Vivimos tiempos políticos muy complejos, ya desde mucho antes del coronavirus (ver aquí). Quienes se empeñan lunes, miércoles y viernes en proclamar la resurrección del bipartidismo siguen instalados (creo) en otro planeta. Quienes sostienen discursos de confrontación visceral parecen no haber captado que el covid-19 es un multiplicador y acelerador geométrico de un cambio global ya en marcha. Ni sirven las acomodadas y elitistas fórmulas políticas del pasado ni tampoco el facilón populismo demagógico tan extendido en las redes sociales.

Este miércoles ha quedado dibujada en el Congreso la inutilidad de un Partido Popular instalado en el insulto y la desinformación, enredado en una competición con Vox (ver aquí) que sólo conduce a una triste caricatura: la de Abascal hablando esa extraña lengua plagada de términos como “chequistas”, “socialcomunistas”, “matones bolivarianos”, “soberbia soviética” o “Paracuellos” (lo del "odio histórico de la izquierda a los homosexuales" no merece ni comentarse), pero que a la vez amenaza con iniciativas concretas y provocadoras como una manifestación multitudinaria motorizada (por cierto ya rechazada en los tribunales) o una moción de censura que colocaría a Casado en un complejo laberinto.

Pero también este miércoles se ha visibilizado en la votación parlamentaria un aviso explícito a Pedro Sánchez: ojo con instalarse en el ensimismamiento del “yo decido y les voy informando”. Tiene toda la razón en programar una desescalada por fases, tan incierta que depende de la responsabilidad individual y colectiva. Como no es Napoleón, ni una escultura de Dalí, lo que se le pide a Sánchez es que consulte, escuche, negocie y siga tomando decisiones dinámicas con la prioridad de la salud pública y el bienestar económico de la ciudadanía. A ver si Sánchez cumple y Casado lo entiende.

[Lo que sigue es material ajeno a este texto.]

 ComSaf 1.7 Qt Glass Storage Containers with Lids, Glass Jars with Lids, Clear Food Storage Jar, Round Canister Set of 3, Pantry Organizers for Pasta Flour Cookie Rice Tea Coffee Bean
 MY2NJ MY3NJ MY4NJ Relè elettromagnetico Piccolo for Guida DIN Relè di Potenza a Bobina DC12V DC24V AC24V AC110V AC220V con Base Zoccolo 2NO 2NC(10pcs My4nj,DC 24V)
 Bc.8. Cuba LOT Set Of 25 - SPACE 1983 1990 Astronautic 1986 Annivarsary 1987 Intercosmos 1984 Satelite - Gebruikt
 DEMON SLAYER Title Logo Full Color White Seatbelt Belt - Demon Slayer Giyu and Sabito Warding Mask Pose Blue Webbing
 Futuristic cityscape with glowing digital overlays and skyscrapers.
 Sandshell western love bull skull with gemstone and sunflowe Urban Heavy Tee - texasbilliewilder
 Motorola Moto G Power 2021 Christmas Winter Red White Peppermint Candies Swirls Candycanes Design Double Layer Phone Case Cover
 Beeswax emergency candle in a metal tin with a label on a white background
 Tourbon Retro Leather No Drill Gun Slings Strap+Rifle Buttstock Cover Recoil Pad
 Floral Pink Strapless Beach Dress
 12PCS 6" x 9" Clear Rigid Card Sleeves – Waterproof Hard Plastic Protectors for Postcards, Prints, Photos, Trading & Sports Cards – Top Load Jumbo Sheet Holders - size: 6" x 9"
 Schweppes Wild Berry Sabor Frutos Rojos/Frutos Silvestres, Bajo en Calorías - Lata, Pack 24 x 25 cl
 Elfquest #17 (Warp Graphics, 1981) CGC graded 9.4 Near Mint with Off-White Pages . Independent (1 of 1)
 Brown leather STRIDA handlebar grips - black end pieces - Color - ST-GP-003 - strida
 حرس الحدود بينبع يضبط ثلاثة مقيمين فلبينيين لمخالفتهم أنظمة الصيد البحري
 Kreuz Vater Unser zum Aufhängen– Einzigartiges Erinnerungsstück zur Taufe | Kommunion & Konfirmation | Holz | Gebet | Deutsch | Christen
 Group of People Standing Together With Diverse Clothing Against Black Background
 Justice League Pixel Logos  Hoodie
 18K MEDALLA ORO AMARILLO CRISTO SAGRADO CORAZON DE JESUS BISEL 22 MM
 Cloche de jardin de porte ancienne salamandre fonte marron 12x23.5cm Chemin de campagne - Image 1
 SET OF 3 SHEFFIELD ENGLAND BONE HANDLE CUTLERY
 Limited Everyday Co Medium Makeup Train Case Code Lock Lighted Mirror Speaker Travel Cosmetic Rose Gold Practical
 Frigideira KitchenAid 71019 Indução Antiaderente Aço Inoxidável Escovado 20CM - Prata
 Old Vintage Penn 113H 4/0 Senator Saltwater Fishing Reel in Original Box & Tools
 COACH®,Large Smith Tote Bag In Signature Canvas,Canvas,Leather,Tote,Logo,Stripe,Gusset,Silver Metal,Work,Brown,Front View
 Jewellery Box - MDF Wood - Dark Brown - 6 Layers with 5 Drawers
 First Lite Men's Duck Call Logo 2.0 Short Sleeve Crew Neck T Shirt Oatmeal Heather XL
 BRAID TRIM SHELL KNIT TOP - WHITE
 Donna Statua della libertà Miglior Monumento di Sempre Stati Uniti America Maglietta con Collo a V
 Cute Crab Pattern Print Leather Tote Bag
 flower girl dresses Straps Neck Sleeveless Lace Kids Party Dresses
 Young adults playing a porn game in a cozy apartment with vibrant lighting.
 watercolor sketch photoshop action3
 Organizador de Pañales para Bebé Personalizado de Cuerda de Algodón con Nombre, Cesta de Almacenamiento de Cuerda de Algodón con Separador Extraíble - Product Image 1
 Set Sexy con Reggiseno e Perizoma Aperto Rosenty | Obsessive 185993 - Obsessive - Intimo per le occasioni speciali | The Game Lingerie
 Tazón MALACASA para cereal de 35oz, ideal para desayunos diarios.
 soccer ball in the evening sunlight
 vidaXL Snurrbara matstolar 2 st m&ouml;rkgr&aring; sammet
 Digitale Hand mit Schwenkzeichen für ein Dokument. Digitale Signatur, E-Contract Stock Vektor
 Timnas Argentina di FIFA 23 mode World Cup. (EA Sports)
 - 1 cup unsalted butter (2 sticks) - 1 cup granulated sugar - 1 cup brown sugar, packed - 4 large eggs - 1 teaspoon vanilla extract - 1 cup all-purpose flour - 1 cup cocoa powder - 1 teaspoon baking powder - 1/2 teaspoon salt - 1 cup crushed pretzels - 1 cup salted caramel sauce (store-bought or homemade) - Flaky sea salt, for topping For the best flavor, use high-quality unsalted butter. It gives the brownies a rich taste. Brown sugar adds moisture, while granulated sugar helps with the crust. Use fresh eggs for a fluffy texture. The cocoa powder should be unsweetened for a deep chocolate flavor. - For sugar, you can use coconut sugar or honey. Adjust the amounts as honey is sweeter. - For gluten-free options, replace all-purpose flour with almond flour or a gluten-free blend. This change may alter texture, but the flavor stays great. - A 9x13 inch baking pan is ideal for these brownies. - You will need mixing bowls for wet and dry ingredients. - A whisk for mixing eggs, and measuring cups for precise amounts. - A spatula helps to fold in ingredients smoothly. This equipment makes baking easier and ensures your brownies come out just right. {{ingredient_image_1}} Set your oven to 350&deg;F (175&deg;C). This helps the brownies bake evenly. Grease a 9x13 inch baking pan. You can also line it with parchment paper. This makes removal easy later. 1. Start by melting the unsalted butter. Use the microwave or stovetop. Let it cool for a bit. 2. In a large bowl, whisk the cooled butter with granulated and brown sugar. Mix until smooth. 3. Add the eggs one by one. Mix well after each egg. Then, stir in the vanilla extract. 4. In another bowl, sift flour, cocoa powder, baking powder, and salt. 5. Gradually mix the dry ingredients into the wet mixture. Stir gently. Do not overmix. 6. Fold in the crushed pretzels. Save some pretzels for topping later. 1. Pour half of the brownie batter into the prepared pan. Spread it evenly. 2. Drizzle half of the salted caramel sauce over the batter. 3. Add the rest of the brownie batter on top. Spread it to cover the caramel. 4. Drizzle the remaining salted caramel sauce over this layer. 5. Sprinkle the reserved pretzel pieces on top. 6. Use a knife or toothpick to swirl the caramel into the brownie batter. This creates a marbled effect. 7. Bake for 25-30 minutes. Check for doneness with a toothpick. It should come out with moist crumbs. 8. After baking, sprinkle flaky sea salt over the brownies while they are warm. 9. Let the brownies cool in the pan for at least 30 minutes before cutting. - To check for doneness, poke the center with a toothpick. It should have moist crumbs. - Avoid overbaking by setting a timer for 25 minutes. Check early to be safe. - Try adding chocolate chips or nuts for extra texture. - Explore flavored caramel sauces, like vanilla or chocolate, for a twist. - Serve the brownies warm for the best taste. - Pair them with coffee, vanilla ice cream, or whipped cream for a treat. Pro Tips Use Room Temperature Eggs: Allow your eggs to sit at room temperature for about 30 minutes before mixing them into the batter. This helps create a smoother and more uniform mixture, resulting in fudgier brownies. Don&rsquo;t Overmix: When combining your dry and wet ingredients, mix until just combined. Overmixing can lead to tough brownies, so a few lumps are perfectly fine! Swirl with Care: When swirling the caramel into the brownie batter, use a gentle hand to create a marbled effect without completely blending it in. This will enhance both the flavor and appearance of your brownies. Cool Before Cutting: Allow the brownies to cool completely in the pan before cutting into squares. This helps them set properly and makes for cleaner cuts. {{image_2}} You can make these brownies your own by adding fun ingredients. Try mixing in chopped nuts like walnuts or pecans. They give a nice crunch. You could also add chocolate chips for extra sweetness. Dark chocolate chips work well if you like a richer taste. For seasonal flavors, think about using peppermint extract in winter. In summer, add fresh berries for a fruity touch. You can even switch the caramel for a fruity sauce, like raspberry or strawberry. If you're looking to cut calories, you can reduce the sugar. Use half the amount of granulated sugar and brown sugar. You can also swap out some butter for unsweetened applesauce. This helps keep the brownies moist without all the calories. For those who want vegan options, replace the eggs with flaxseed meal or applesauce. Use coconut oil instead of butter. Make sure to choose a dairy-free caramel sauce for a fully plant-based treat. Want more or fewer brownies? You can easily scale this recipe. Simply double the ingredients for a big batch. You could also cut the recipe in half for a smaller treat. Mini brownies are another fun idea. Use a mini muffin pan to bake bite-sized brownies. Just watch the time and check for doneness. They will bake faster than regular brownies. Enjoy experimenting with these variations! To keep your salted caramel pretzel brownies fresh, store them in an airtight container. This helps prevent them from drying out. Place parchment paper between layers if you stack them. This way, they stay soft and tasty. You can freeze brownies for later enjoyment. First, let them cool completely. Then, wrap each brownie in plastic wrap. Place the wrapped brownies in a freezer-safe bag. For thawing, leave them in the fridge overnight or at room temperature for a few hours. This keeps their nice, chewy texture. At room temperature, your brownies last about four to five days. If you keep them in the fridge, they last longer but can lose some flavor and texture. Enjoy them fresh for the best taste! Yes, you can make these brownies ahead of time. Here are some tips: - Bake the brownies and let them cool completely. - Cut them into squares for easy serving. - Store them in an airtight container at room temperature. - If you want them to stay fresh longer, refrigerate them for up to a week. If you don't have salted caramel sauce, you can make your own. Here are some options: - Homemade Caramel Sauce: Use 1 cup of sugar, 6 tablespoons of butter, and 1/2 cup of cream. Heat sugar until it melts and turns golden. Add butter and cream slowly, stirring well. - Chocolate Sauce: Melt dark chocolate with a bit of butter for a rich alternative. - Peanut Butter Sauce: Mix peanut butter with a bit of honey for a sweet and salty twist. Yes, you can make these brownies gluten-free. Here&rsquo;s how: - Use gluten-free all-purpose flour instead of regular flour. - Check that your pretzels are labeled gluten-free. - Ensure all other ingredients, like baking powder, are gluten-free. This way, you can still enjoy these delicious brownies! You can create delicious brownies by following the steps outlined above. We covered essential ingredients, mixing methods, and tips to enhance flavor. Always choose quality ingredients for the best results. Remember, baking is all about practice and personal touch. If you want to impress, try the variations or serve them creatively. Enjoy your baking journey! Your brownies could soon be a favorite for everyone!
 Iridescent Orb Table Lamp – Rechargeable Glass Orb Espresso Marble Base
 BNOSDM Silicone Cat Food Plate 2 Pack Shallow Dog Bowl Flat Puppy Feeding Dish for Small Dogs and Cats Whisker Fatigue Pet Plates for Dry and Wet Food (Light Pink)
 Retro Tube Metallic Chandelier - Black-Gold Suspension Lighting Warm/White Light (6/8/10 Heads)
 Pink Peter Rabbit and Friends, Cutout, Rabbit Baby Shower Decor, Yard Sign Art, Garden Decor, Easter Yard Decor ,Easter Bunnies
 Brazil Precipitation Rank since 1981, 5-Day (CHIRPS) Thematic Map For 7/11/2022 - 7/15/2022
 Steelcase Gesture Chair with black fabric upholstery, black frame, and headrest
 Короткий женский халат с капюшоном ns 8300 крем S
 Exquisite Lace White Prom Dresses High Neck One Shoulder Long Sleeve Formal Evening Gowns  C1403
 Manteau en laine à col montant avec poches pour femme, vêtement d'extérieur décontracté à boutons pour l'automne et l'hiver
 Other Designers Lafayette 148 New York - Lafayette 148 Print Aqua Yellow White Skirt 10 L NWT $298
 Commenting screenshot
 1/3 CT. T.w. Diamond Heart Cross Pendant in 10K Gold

Sostenía Salvador Dalí que “lo mínimo que se le puede pedir a una estatua es que se esté quieta”. Y lo mínimo que se puede exigir de un político es que se le entienda, me atrevo a añadir después de seis horas largas siguiendo este miércoles el debate parlamentario sobre la prórroga del estado de alarma. No entiendo la estrategia de Pablo Casado. Ha decidido abstenerse en la votación pero anticipando que votará en contra dentro de quince días si Pedro Sánchez solicita una nueva prórroga. ¿Por qué? ¿Y si dentro de quince días los datos epidemiológicos y sanitarios indicaran (ojalá no) que los pasos de la fase 0 de desescalada provocan una marcha atrás, un rebrote de contagios y una nueva saturación de los hospitales? ¿Insistirá entonces Casado en levantar el confinamiento y las limitaciones a la movilidad? ¿En serio? ¿Sólo porque piensa que Pedro Sánchez “se cree Napoleón”? ¿No le importan más a Casado los muertos, enfermos y contagiados por el covid-19 que los supuestos sueños imperiales de Sánchez? Parece que no.